Leonard Bernstein loved Vanillekipferl. A staple in every Austrian household at Christmas time, he was first presented with these delicate crescents of vanilla-scented, nut-spackled dough encased in powdered sugar by an admirer, Renate Wunderer, who never missed a performance of the Vienna Philharmonic when Bernstein was in town. Bernstein became so enamored of Vanillekipferl that not only did he write a poem about the sweets—in German, no less—he insisted they be at his disposal, whether in the Austrian capital or traveling the world with the jewel in Austria’s musical crown.

A symbolic box of Vanillekipferl sits upon the grand piano-shaped table at the center of the Jewish Museum Vienna’s delightful new exhibition, “Leonard Bernstein: A New Yorker in Vienna.” Placed amid joyous photographs of Bernstein at work, the story of the crumbly, sugary pastries makes Bernstein’s relationship with the city sound sickly sweet.
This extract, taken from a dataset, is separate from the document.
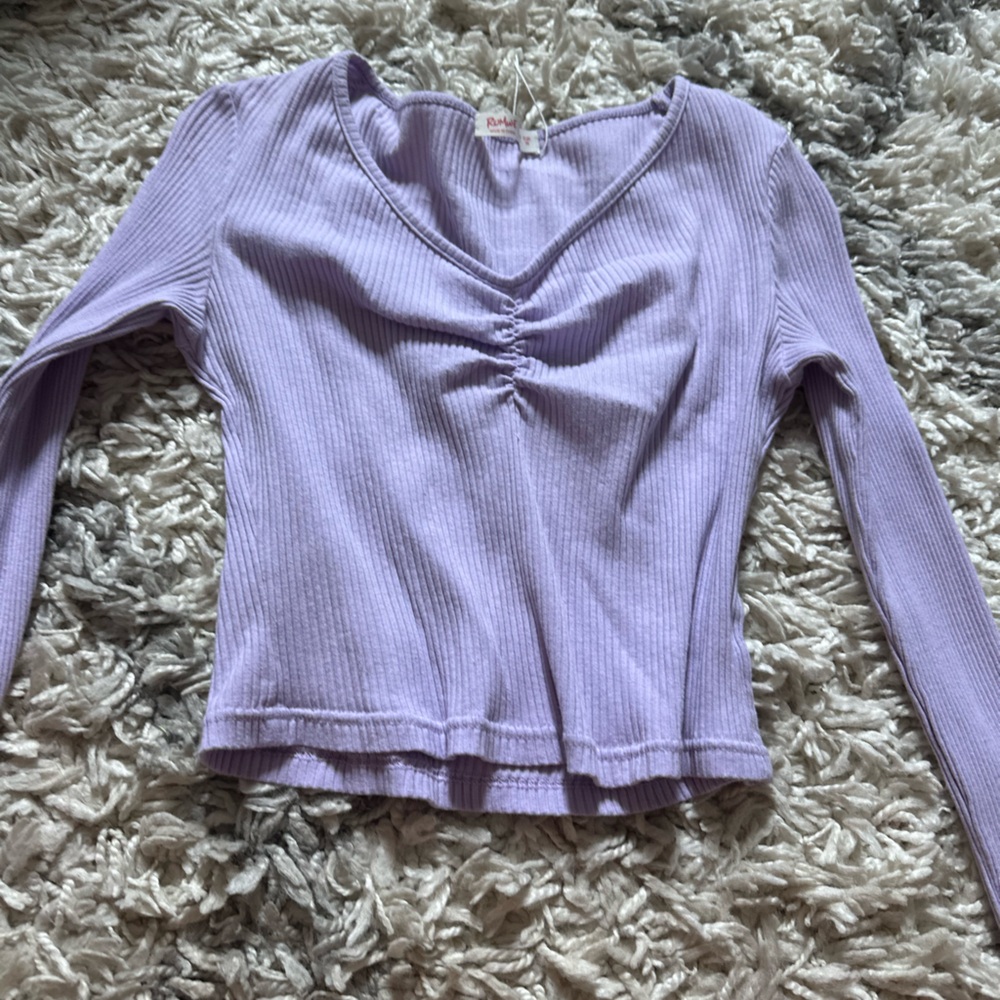 Long Sleeve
Far from it, the exhibit, in fact, shows that though it was a romance, in the end, the love affair between Bernstein and Vienna was a slow burner, fraught with tension and defined by a certain ambivalence, born of the experience of being a Jew in Austria after the Second World War.
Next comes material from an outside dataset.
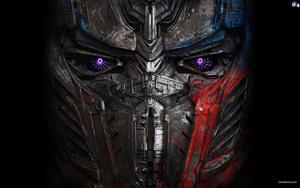 Transformers The Last Knight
Bernstein was very reluctant to come to Vienna in the first place. Conductor, composer, teacher, he was already music director of the New York City Symphony when, in 1947, the city first came calling with an offer to conduct the philharmonic. Conflict arose immediately. “They wanted Bach, Mozart, and Schumann, which is silly,” Bernstein wrote in May 1947 to his secretary, Helen Coates. “And then my reports were that the orchestra was still 60 percent Nazi.” His heart then was in Palestine, having begun a relationship with the Israel Philharmonic that would last a lifetime.

In the end, it took massive financial inducement to get Bernstein to Vienna. “That much money nobody pays a conductor,” he said in amazement of his contract to conduct Verdi’s opera Falstaff at the Vienna State Opera in 1966. “I don’t know if I shall ever really love Vienna,” he wrote to his wife, Felicia, that year. And he was right to be suspicious of former Nazis. In 1967, Bernstein got word from famed Nazi hunter Simon Wiesenthal that Helmut Wobisch, managing director of the Vienna Philharmonic, had been a member of the Nazi security services. (Bernstein playfully called Wobisch “my dearest Nazi.”)
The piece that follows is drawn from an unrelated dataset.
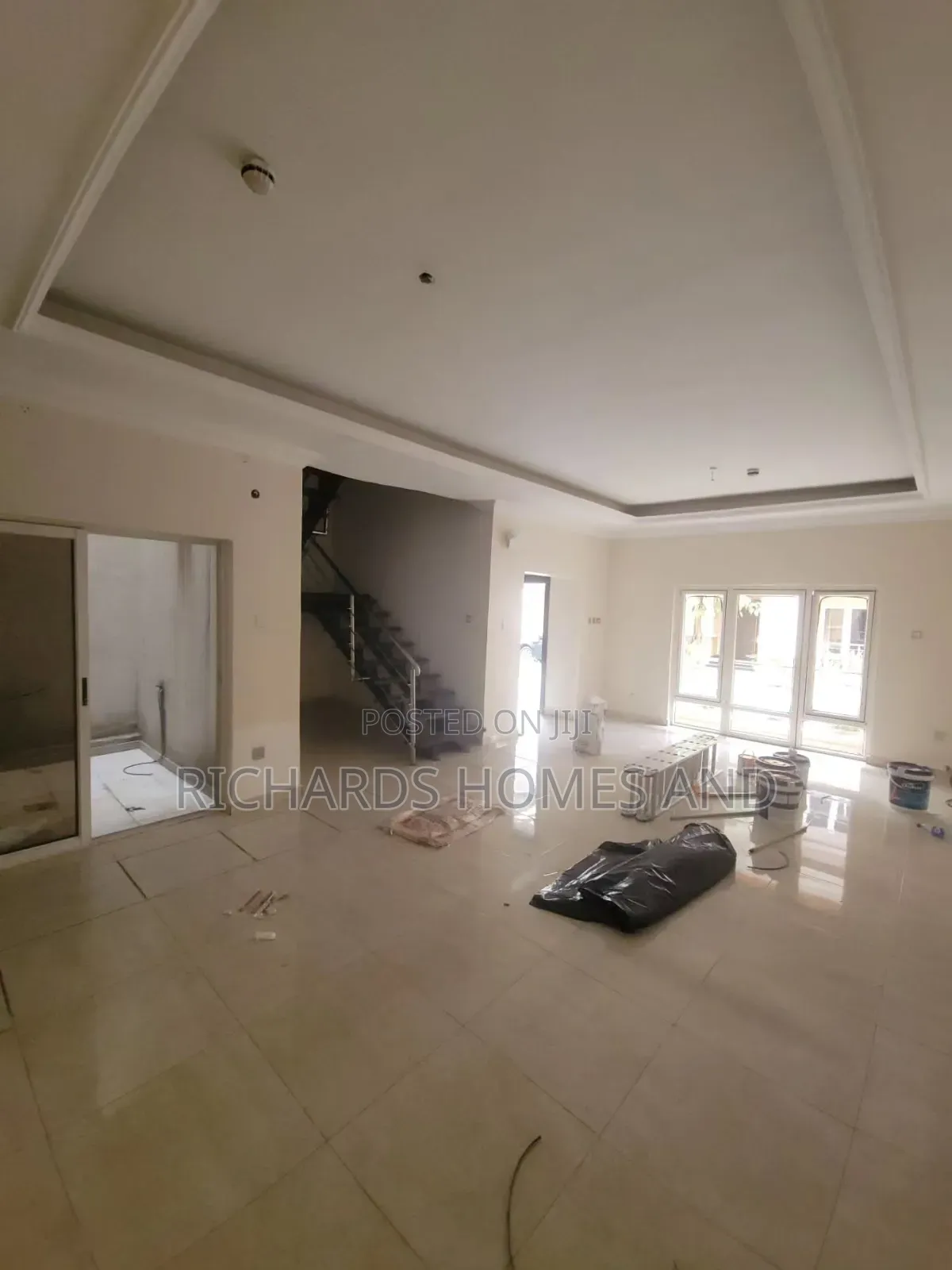 4bdrm Duplex in Old Ikoyi for rent in Old Ikoyi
On the one hand, Bernstein clearly fell head over heels for the city itself: its orchestra, its cultural atmosphere, its certain Gemütlichkeit—including the Vanillekipferl. As the record sleeves show, his collaboration with the Vienna Philharmonic was a fruitful one. “We were off and flying,” he said of that initial production of Falstaff. “By the third bar there was no catching us and we knew this was a lifetime relationship.” He became enmeshed in Austrian political life, close to the Socialist Party, while his relationship with the Viennese was “the greatest love affair I’ve ever had with a public,” he told Coates. “Odd, isn’t it?”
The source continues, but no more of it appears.